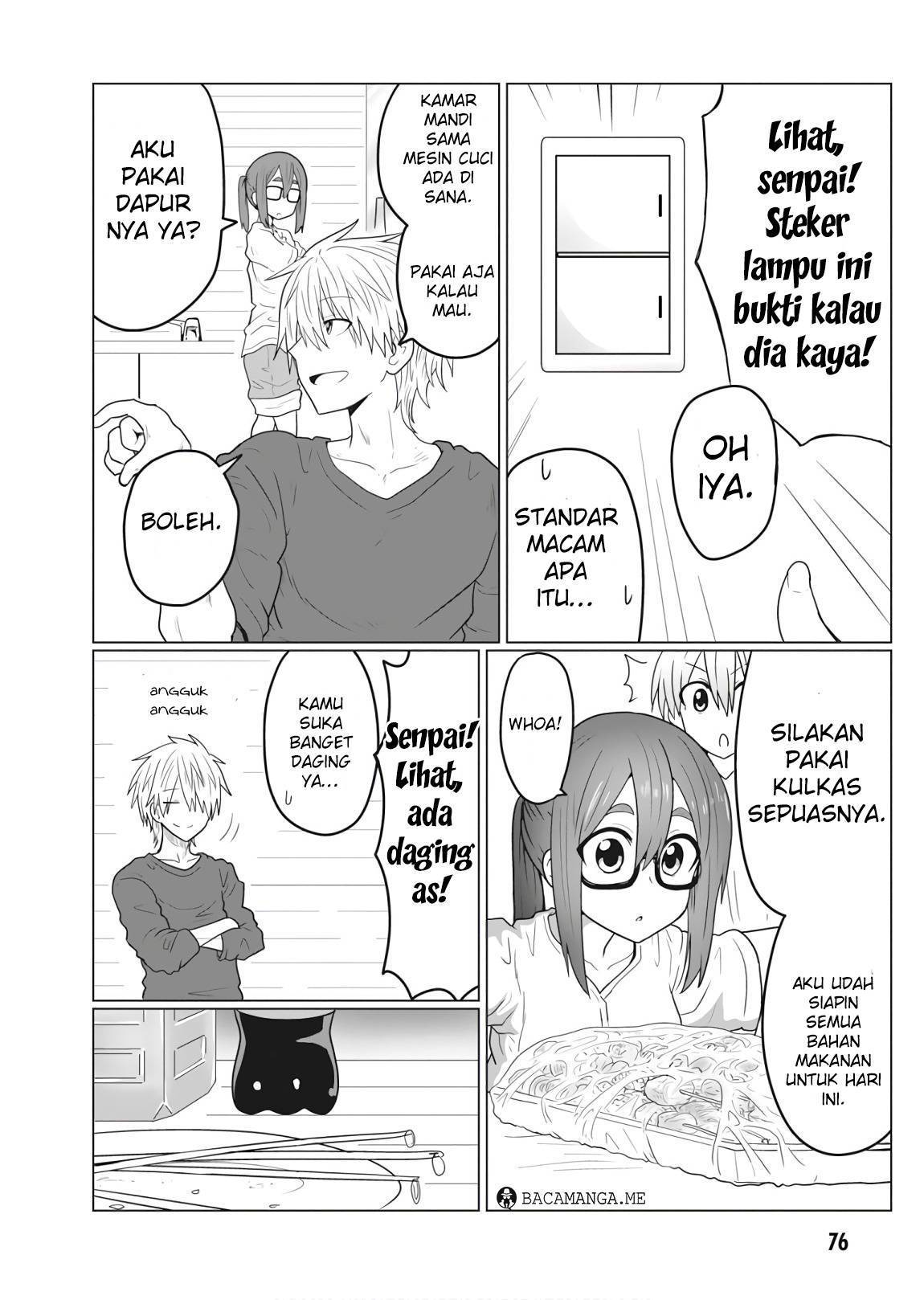 Uzaki-chan wa Asobitai! Chapter 20 Bahasa Indonesia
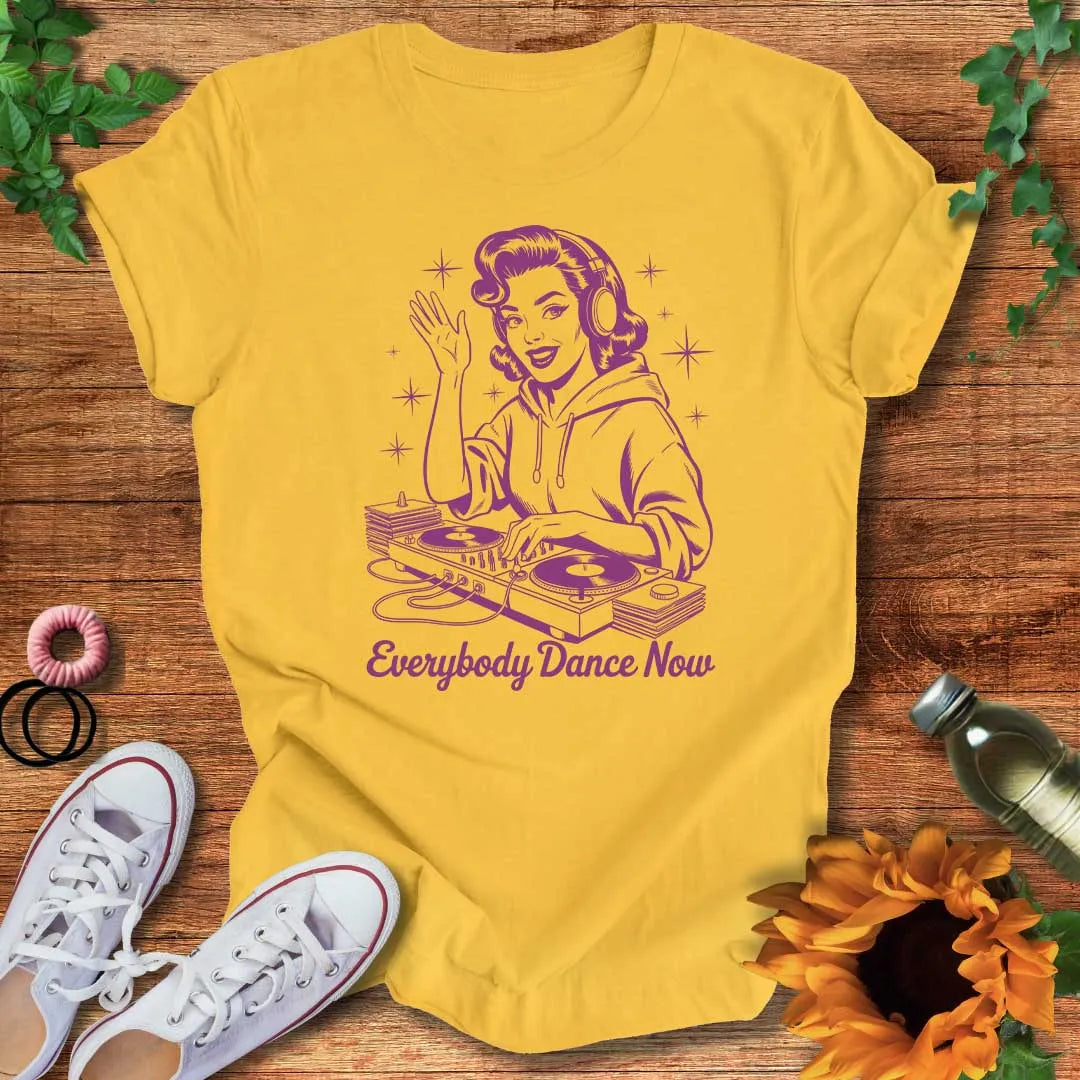 Retro Dance Remix T-Shirt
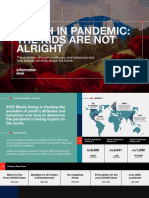 Youth in Pandemic: The Kids Are Not Alright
---*---
=== EXERCISE PROMPT ===
With the images excluded, reproduce the data above precisely as written.

=== RESPONSE AREA ===
 Uzaki-chan wa Asobitai! Chapter 20 Bahasa Indonesia
 Retro Dance Remix T-Shirt
 Youth in Pandemic: The Kids Are Not Alright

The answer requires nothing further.